How do you feel about the scooter problem in Nashville?
NASHVILLE (WSMV) - Scooter company Spin, a relative newcomer to the scooter market in Nashville, is responding to Mayor David Briley's threat of banning scooters after injuries and at least one reported death. Spin says the problem is not the scooters themselves, but how many are on Nashville's roads.
"Currently, there are over 4,000 scooters in Nashville -- a number that we believe is too large given the current compliance rate and trends in user behavior," said Spin in a letter to Mayor Briley and Vice Mayor Jim Shulman.
The company, an independent subsidiary of the Ford Motor Company, says they have a "proven track record of working with local governments across the country on safety and compliance issues."
The company refused to sign on to a new recommended list of industry standards earlier this week, stating they believe Nashville needs a different strategy for tackling the scooter problem.
Spin is asking for the number of scooters to be reduced by 50 percent and for there to be an equal distribution of scooters (overall fleet size) amongst the seven companies currently operating in Nashville.
"Halving the current total number of scooters and then allocating equal-sized fleets among all operators would allow all companies that have invested in -- and hired from -- the local community to continue to provide a sustainable mobility mode for the City," said Spin in the letter, "At the same time, creating an equal playing field among all operators would reduce a company’s incentive to aggressively expand its operations-- which we believe has been another cause of the safety and clutter concerns."
The company is also pushing for a stop to the pilot program currently in place and is requesting the city move to a "Request For Proposal (RFP) with a limited number of operators."
"By moving to a competitive solicitation process, the City would also have greater ability to hold the selected companies accountable and responsible for safe operations," said Spin in the letter.

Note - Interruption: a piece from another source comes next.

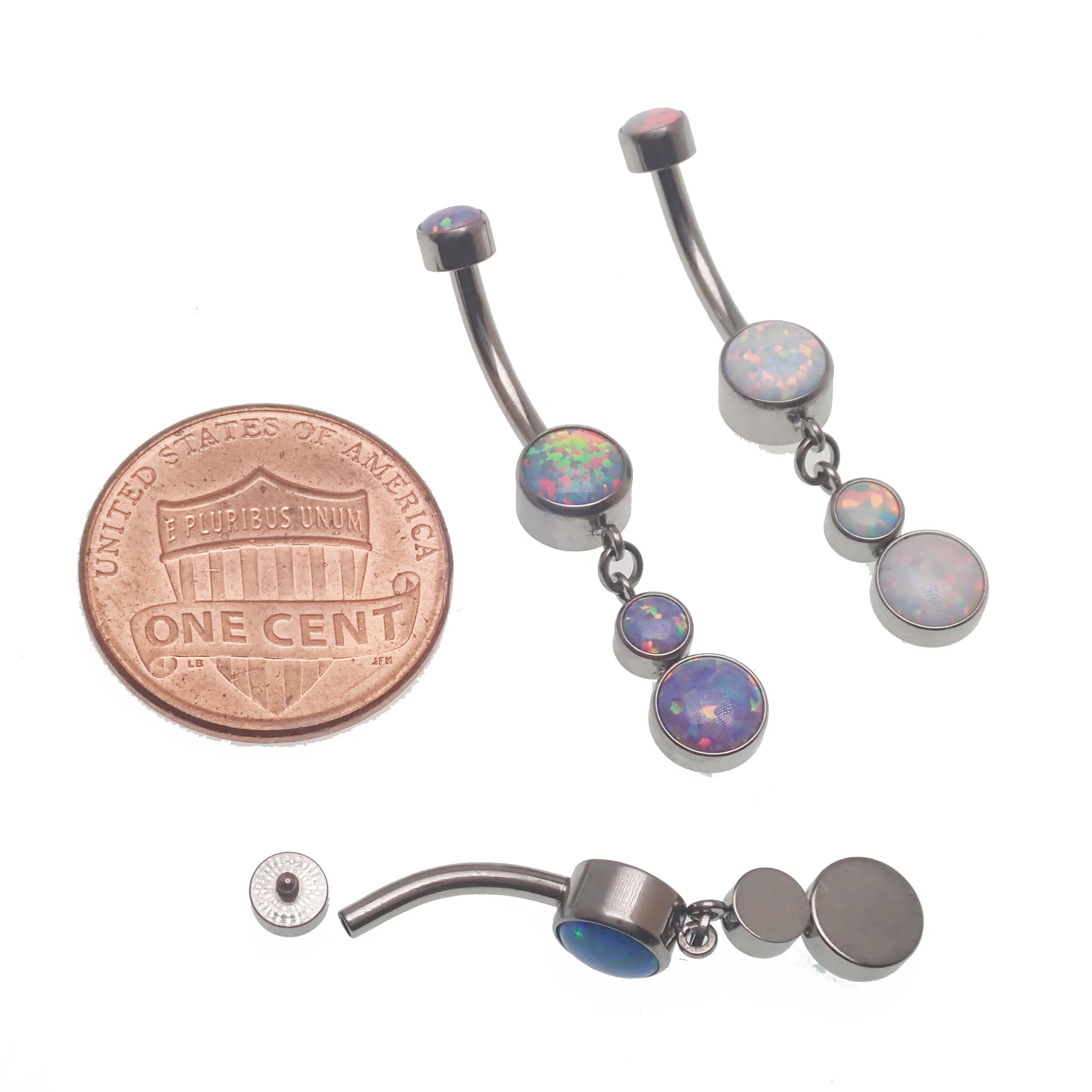Lavender opal dangle belly ring by Body Clickers, 14g body jewelry with a stylish opal gemstone design.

They believe that the new RFP should require a focus on compliance to Metro rules and processes, all companies should have full-time employees on staff, and there should be dynamic fleet expansions at the discretion of Metro government.
"While we support caps that are flexible and can be increased, the City should have full discretion and authority over fleet-size expansions and consider compliance and any other factors instead of solely relying on an operator’s self-reported ride numbers," said Spin in the letter.